When in Rome: Five Watches with Roman Numeral Dials

Roman numerals are mostly reserved these days for movie sequels and Super Bowls, but they can still add a hint of elegant classicism to a watch dial, as in the five timepieces we showcase here.


Blancpain’s Villeret series, named for the Swiss village where the manufacture was founded in 1735, is distinguished by classical design elements of earlier eras. The three-hand-date version of the Ultraplate embodies this historically inspired aesthetic with its double-stepped bezel; hollowed-out, sage-leaf-shaped hands; central seconds hand with “JB” counterweight (evoking the initials of founder Jean-Jacques Blancpain); and applied Roman numerals at each hour position on the blue sunray dial. Its 40-mm, 18K rose-gold case is just 8.7 mm thick and its sapphire caeeback affords a view of the movement, Blancpain’s self-winding Caliber 1151, whose notable features include two series-coupled barrels, storing an impressive 100-hour power reserve, and an engraved gold rotor with a honeycomb motif. Price: $19,400 on leather strap, $38,900 on Milanese-style gold bracelet

Blancpain Villeret Ultraplate 6651-3640-MMB - bracelet
Blancpain Villeret Ultraplate 6651-3640-MMB – bracelet


Combining a sporty aesthetic with Breguet’s legendary luxurious detailing, the gold-cased models from the maison’s maritime-inspired Marine collection are mounted on bracelets that have been designed to continue the smooth lines of the case and caress the curves of the wrist. Like the cases, notable for their fluted sides, sculpted lugs and fluted flanks, the bracelets are enhanced with alternating polished and satin-glossed facets. The engine-turned dials have crested-wave patterns that add to their nautical character; applied Roman hour numerals with luminous five-minute markers; and faceted, moon-tipped hands with polished finishing. Seafaring visual motifs are also found on the movements (self-winding Caliber 777A in the three-hand-date version pictured), like the special côtes de Genève on the bridges echoing the look of a ship’s wooden deck, and the rotor, shaped like a ship’s steering wheel. Price: $49,100.

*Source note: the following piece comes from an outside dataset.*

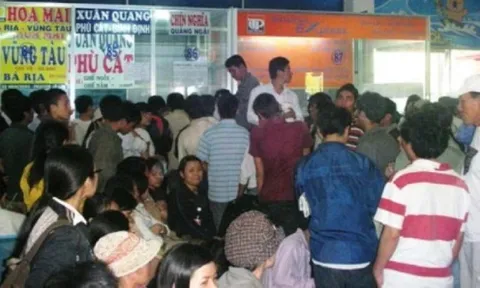Từ chuyện xếp hàng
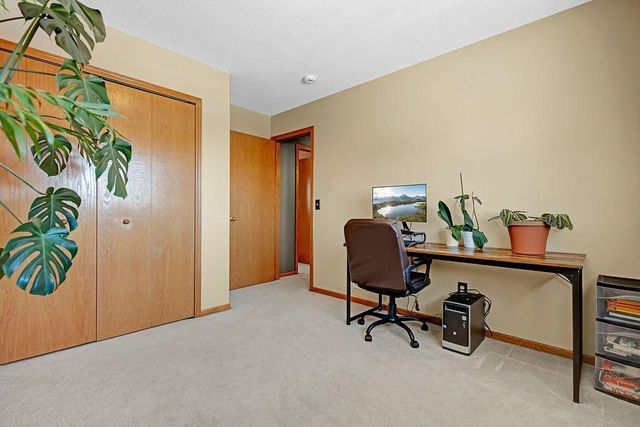 37728 Hawthorne Avenue, North Branch, MN 55056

Montblanc describes its Star Legacy family as inspired by “the spirit of classical watchmaking,” with recent updates to the contemporary line featuring historical details echoing those on early watches by Minerva, the Swiss manufacture that the penmaker-watchmaker acquired in 2009. The Star Legacy Automatic Date has a pebble-shaped stainless steel case offered in two sizes — 39 mm and 42 mm, each water-resistant to 30 meters and sporting an onion-style fluted crown — and dials with vintage-inspired, black-printed Roman hour numerals and a subtle date window at 6 o’clock. The dial’s blued hands harmonize with the watch’s blue sfumato leather straps, made at Montblanc’s own pellleteria in Florence, Italy. Inside, beating behind a sapphire caseback is the Sellita-based, automatic Montblanc Caliber MB 24.10, which stores a 42-hour power reserve. Price: $2,675.

Montblanc Star Legacy Automatic - angle
Montblanc Star Legacy Automatic – angle


Designed to visually showcase the Japanese tradition of Suigetsu, a celebration of the beauty of the moon reflected in water, this artisanal model from Seiko’s Presage collection of automatic dress watches uses Arita porcelain for its delicate white dial. The material takes its name from a small town in southwest Japan that has been renowned as a porcelain producer for more than 400 years. The special process used to make the dial finishes with a clear glaze that enhances its natural whiteness, intended to evoke the moon’s watery reflection, which provides a sharp contrast with the bright blue of the hands, the Roman hour numerals, and the subdials at 6 o’clock and 9 o’clock, which display the analog date and the status of the 45-hour power reserve, respectively. Seiko’s high-performance, automatic Caliber 6R27 is on display behind the watch’s exhibition caseback. Price: $2.050, limited edition of 2,000 pieces.


Roman numerals have long been a staple of many of Cartier’s most iconic and enduring models, like the Tank and Santos. A more recent addition to the portfolio is the Ballon Bleu, a luxurious timepiece named for the hallmark blue sapphire cabochon in its crown, which is guarded by a gracefully curved arch. For this year’s Ballon Bleu timepieces, the King of Jewelers introduced a new 40-mm case size in a variety of materials and colorways, including the rose-gold model pictured. Like their predecessors, the watches host a ring of Roman numeral hour markers bordering a railtrack-inspired minute circle, an oval-shaped date window at 3 o’clock, and the Cartier-signature blued sword hands. The watch contains the Cartier manufacture Caliber 1847 MC, (the numeral represents the year of Cartier’s founding), which features anti-magnetic nickel phosphorus components and a 40-hour power reserve. Price: $15,100.